I want to solve Laplace problem on a disk.
$$U_{xx}+U_{yy}=0 \quad on \quad D=\{r<a\}$$
$$U(a,\theta)=1+3\sin\theta \quad for\quad r=a$$
The solution is given by the formula
$$u(r,\theta)=\frac{A_0}{2}+\sum_{n=1}^{\infty}r^n(A_n\cos n\theta +B_n\sin n\theta)$$ $$A_n=\frac{1}{\pi a^n}\int_{0}^{2\pi}u(a,\theta)\sin(n\theta)d\theta\quad for \quad n\geq 0$$ $$B_n=\frac{1}{\pi a^n}\int_{0}^{2\pi}(u(a,\theta)\sin(n\theta)d\theta\quad for\quad n\geq1$$
I want to calculate the coefficent$ B_n$
$$B_n=\frac{1}{\pi a^n}\int_{0}^{2\pi}(1+3\sin\theta)\sin(n\theta)d\theta=\frac{1}{\pi a^n}\Bigg(\int_{0}^{2\pi}\sin(n\theta )d\theta +3\int_{0}^{2\pi}\sin\theta sin(n\theta)d\theta \Bigg)$$ $$\int_{0}^{2\pi}\sin(n\theta)d\theta=0\quad for \quad all \quad n$$ $$\int_{0}^{2\pi}\sin\theta \sin(n\theta )d\theta =\frac{1}{2} \int_{0}^{2\pi}\cos((1-n)\theta)-\cos((1+n)\theta)d\theta=$$ $$=\frac{1}{2} \bigg[\frac{1}{1-n}\sin((1-n)2\pi)-\frac{1}{1+n}\sin((1+n)2\pi)\bigg]_{0}^{2\pi}=0$$ The answer which is given is $B_n = \frac{3}{a}$ for $n=1$ and $B_n=0$ for $n > 1.$
I don't know how we get that answer, as from my calculation $B_n$ is zero for all $n\geq 1.$
Your last integral is not quite right
$$ \int_0^{2\pi} \sin\theta \sin(n\theta)d\theta = 0 $$
for $n \ne 1$. But your result is undefined for $n=1$, so you have to do that integral separately.

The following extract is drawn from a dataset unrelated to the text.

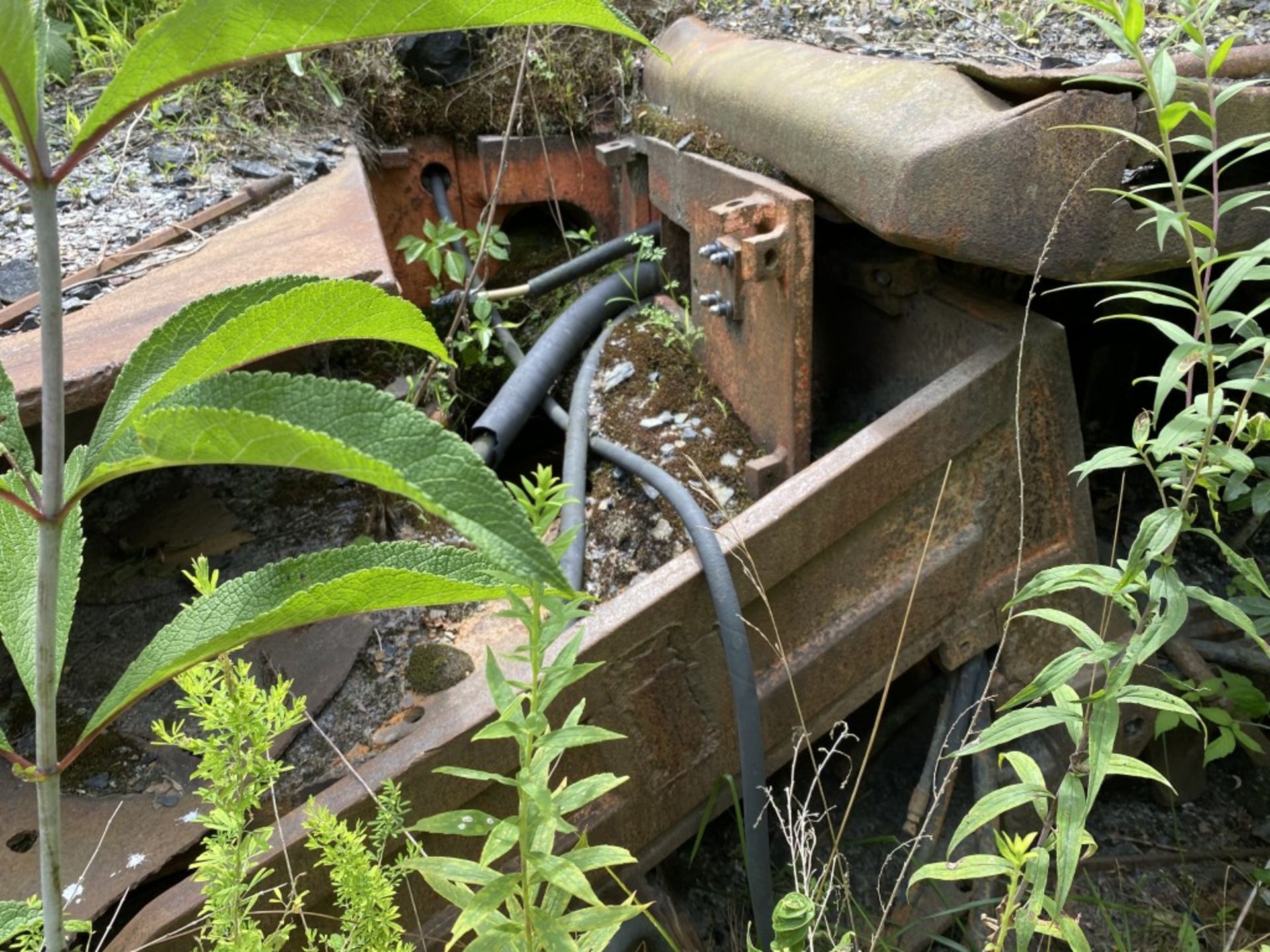 JOY 12CM12 CONTINUOUS MINER, S/N JM LOCATION: EAST MINGO SHOP - Image 5 of 12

While you do that, there is a better method without integration. Notice that $f(\theta)$ is already a Fourier series, with terms corresponding to $n=0$ and $n=1$. So all you need to do is compare:
$$ f(\theta) = 1 + 3\sin \theta = \frac{A_0}{2} + a(A_1\cos\theta + B_1\sin\theta) $$
with all the other coefficients $0$. Can you finish?